REQUIRED ACTION:
The copy should hold only the line containing "Кусочки яблока с маслом — стоковое фото" and the lines after it through the end of the material, each exact, with no pictures.

DATA EXCERPT:
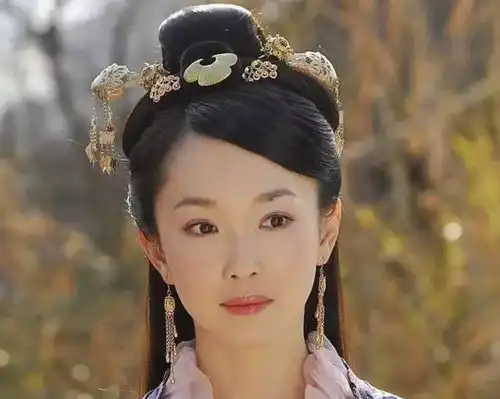 她被誉为新加坡第一美女,出道26年零绯闻,今49岁依旧美如少女
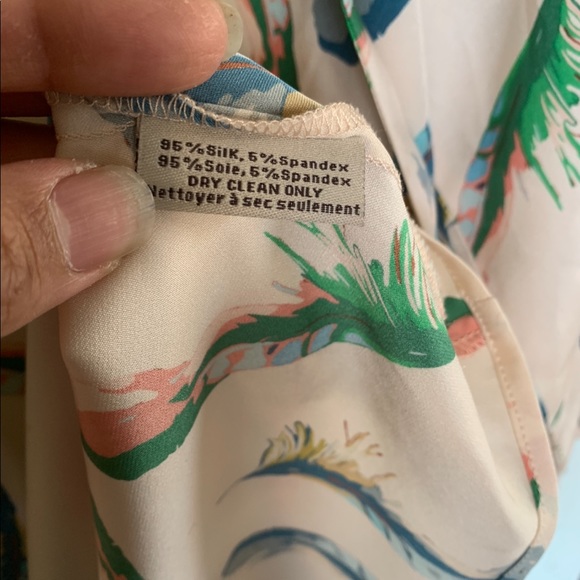 Tucker silk Blouse - Picture 7 of 7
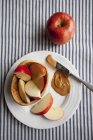 Кусочки яблока с маслом — стоковое фото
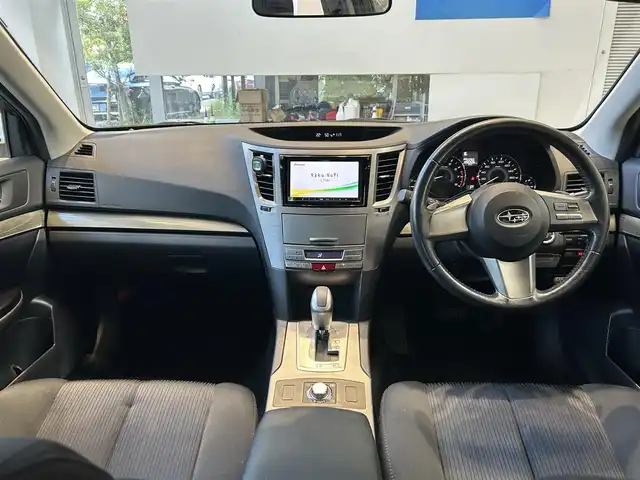 スバル レガシィ ツーリングワゴン 2．5iアイサイト 大阪府 2011(平23)年 9.6万km 白 社外ナビ/TV/バックカメラ/純正17インチAW/HIDヘッドライト/クルコン/パドルシフト/パワーシート/ETC/ドラレコ/スマートキー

SOLUTION TO THE EXERCISE:
 Кусочки яблока с маслом — стоковое фото
 スバル レガシィ ツーリングワゴン 2．5iアイサイト 大阪府 2011(平23)年 9.6万km 白 社外ナビ/TV/バックカメラ/純正17インチAW/HIDヘッドライト/クルコン/パドルシフト/パワーシート/ETC/ドラレコ/スマートキー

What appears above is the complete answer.